One of the key tools the firm has developed using AI is a system to match its traders with upcoming stems that the company is likely to be competitive in offering for.
"It is inefficient for bunker traders to go out and just blindly cold-call companies," Rose said.
"Because we have exceptionally good vessel movement data available to us from our shareholder group, we've basically plugged that into some of our own internal systems, and we've built some very smart matching.
"We take vessel movement data covering around 50,000 merchant ships worldwide and match it with our commercial data.
"The result is a dashboard that shows each trader where their clients' vessels are heading, and highlights upcoming stems in ports where we know we perform well."
The aim is not just to reduce workload, but to focus traders' time on the deals Shipergy is most likely to win profitably, rather than spreading effort thinly across low-return opportunities.
Another tool designed to reduce middle-management workload takes data from the company's CRM to produce a report assessing the financial position of Shipergy's overall book of trades.
One of the areas Shipergy has focused on automating is capital efficiency, ensuring that trades are priced appropriately for the cost of funding involved.
"In bunker trading, there's often a timing mismatch between when we pay suppliers and when we're paid by clients," Rose said.
"We've built tools that systematically factor that into pricing, so we're deploying capital in a disciplined and consistent way."
The system analyses trades across the book and highlights where margins may not fully reflect funding costs, allowing adjustments to be made early rather than relying on manual oversight.

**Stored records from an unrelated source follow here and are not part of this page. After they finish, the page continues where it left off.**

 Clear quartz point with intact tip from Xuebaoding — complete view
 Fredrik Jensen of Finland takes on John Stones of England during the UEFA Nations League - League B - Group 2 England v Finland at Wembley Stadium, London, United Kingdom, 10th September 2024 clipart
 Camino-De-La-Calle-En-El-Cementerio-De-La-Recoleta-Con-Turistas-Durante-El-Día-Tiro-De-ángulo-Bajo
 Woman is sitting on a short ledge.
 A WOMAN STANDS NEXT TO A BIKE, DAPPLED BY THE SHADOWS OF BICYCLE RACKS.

Another tool automates the process of compliance checks on ships the company is considering selling to, aligned with the company's internal compliance policy, with the results then checked by head of compliance and credit Chris Morgan to avoid any potential for errors.
"We're deploying a lot more things now, as we go forward, which is exciting for me and hopefully for the rest of the company," Rose said.

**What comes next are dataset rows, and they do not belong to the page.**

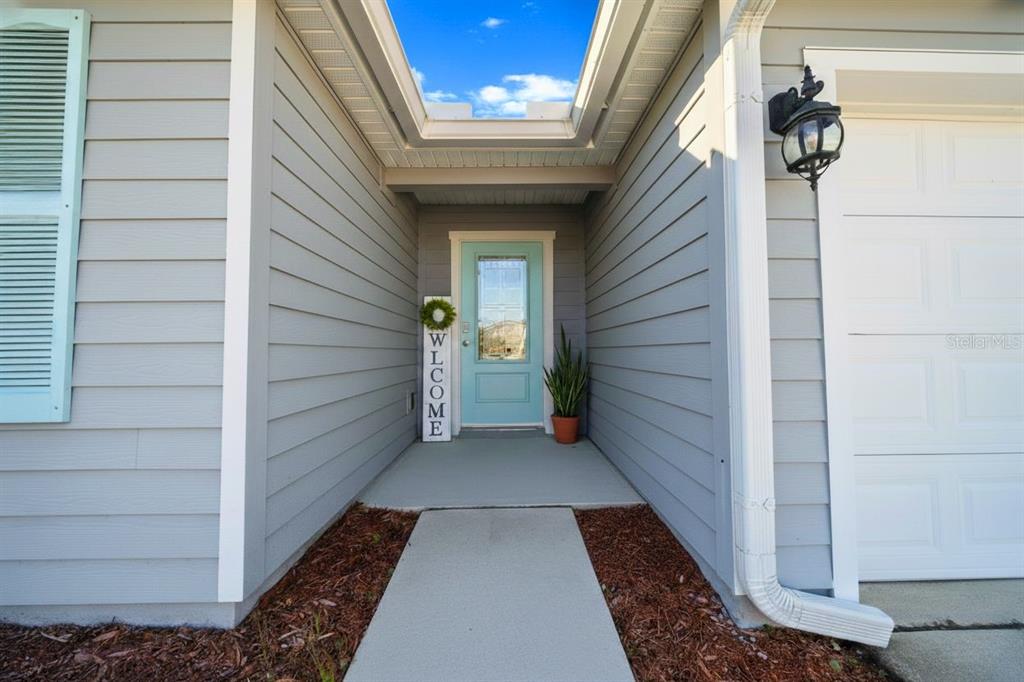 A light blue front door with a welcome sign sits under a recessed entryway — 23 GYPSUM PLACE, ST AUGUSTINE, FL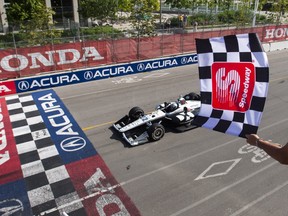 Simon Pagenaud of France crosses the finish line to win the 2019 Honda Indy Toronto, in Toronto, Sunday, July 14, 2019.
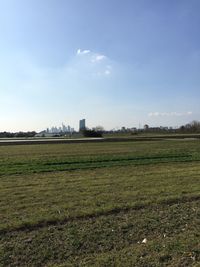 Built structure on field against blue sky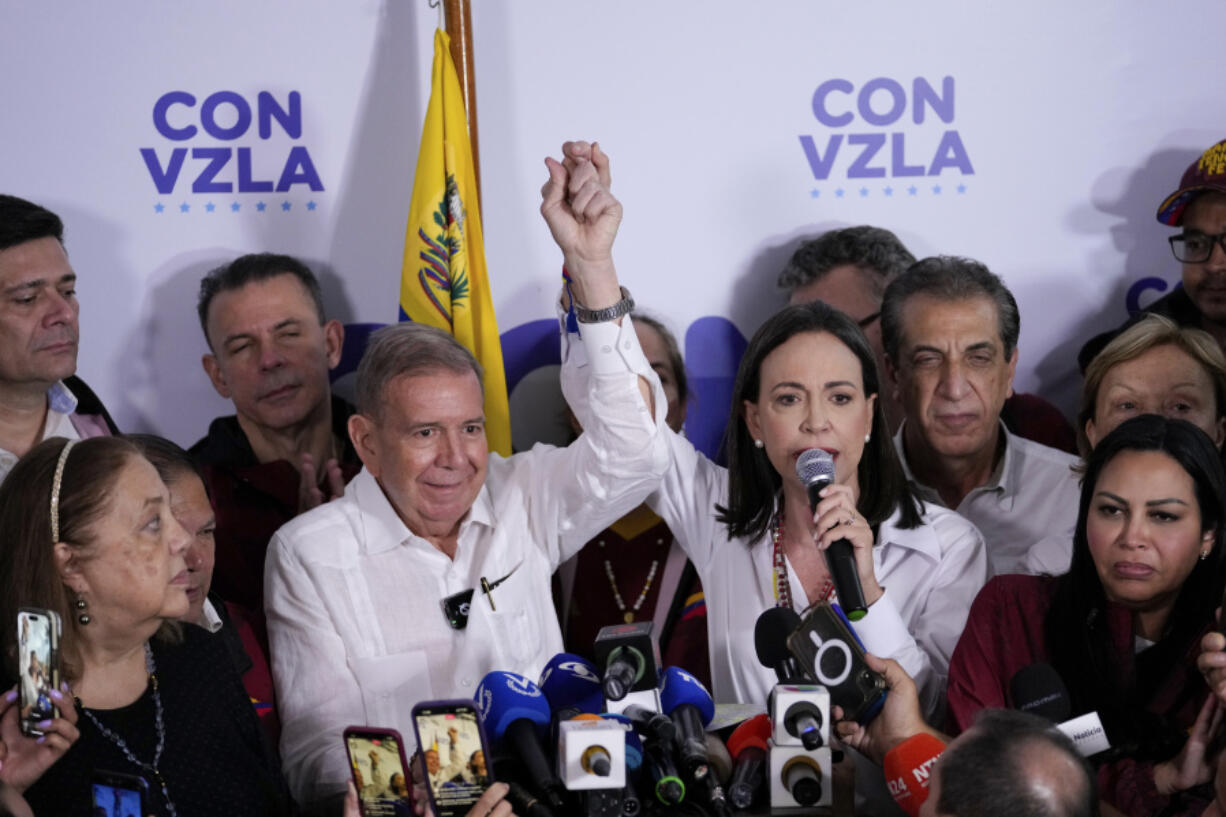 Opposition leader Maria Corina Machado, right, and presidential candidate Edmundo Gonzalez hold a press conference after electoral authorities declared President Nicolas Maduro the winner of the presidential election in Caracas, Venezuela, Monday, July 29, 2024.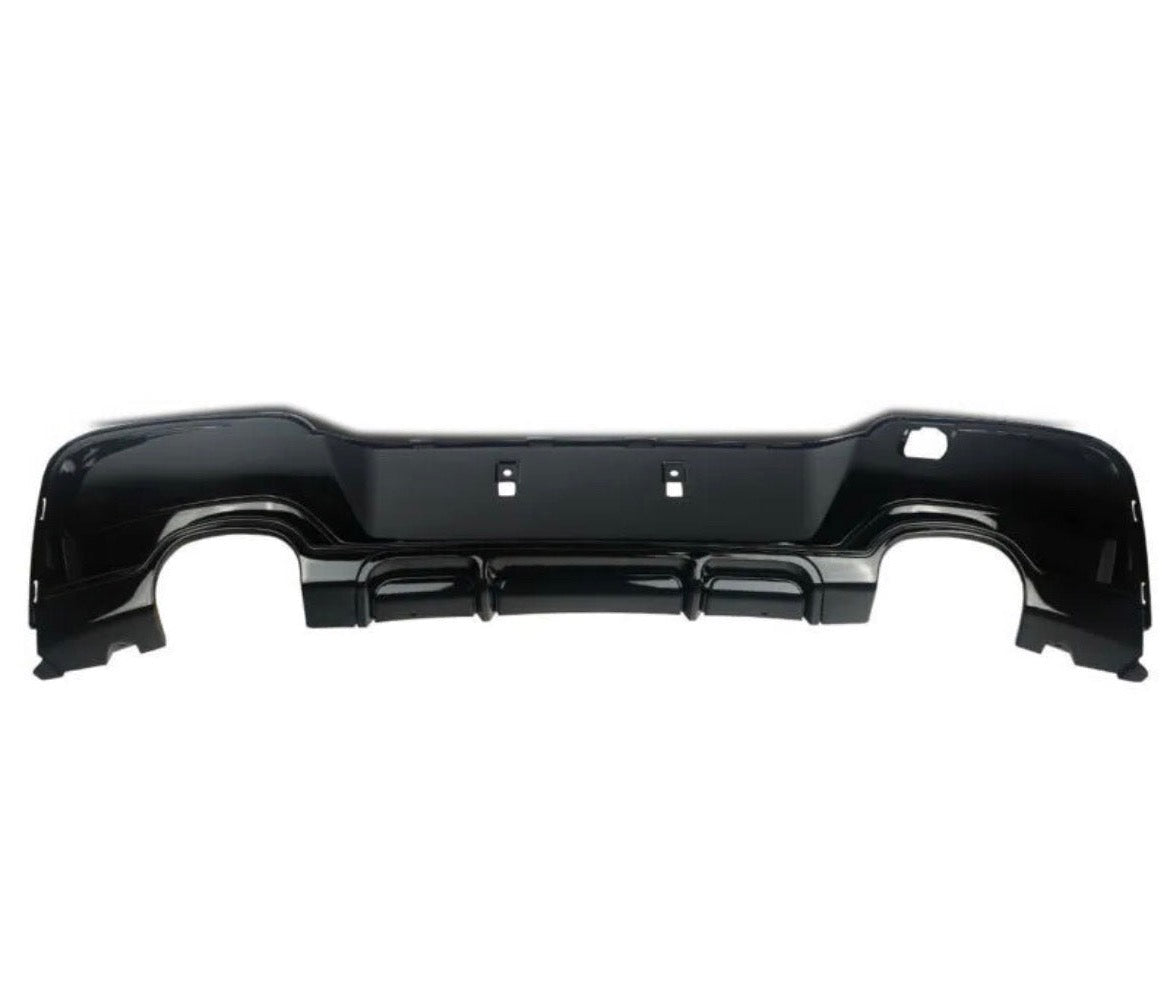 A black car bumper, detached, is displayed against a plain white background, showcasing its sleek design and mounting points.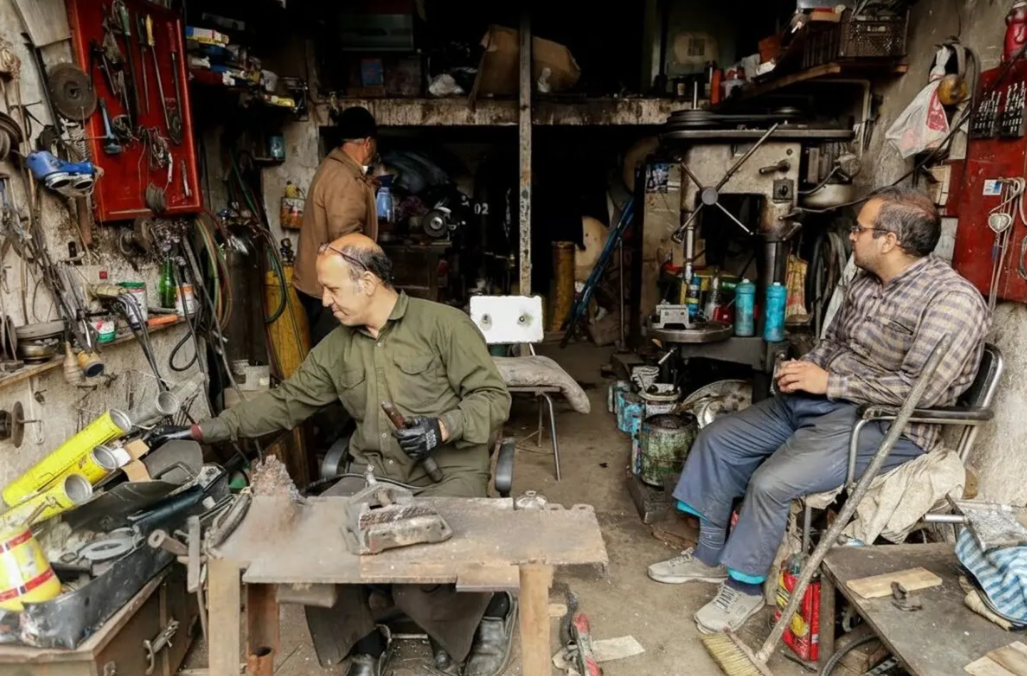 Iran’s truck repair hub feels the squeeze as work dries up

"The point is that the core of the company, I've put a lot of effort into getting it running really smoothly, and it is, and now I'm leveraging that with the addition of some really meaningful tools to continue steady growth in the right ways without adding headcount."
Slower Growth on Horizon
Shipergy has expanded rapidly since its launch by shipping firm Signal Group in June 2022.
The company initially primarily handled the bunker bunker requirements of the Signal Maritime pools, but soon rolled out sales to third parties.
"We've grown very steadily since I started the company in 2022; as of today, we're now doing 100 supplies a month," Rose said.
"We've touched more than 250 different companies so far, and our third-party business that we do outside of what we do for our affiliates has become the vast majority of what we do."
The firm is now selling about 450,000-500,000 mt/year of bunker fuel, of which about 8% comes from its affiliate's requirements, up from about 350,000 mt in the 2023-24 financial year. The company reported gross profit of $3.2 million in 2024-25, more than double the $1.56 million seen the previous year.
But the company is not expecting further growth at the same pace in the short term, Rose said.
"I'm not anticipating significant growth from third party trading right now; the margins just aren't there, and I don't see that changing for the next six to 12 months," he said.
"That is what it is, and I'm not going to be playing the game of taking on bigger credit risks or doing business which is in a compliance gray area just to make more money, because it's just not the way we operate."
That said, the company still sees the opportunity to expand, leveraging its technological expertise to find ways of doing so without raising costs.
"It's not a question of whether we can grow from here, because we can; it's more about how we do it," Rose said.
While market conditions remain challenging, Rose argues that the changes put Shipergy in a stronger position for the next cycle, with a trading platform that can scale volume, deploy capital more selectively and support customer-facing technology without materially raising costs.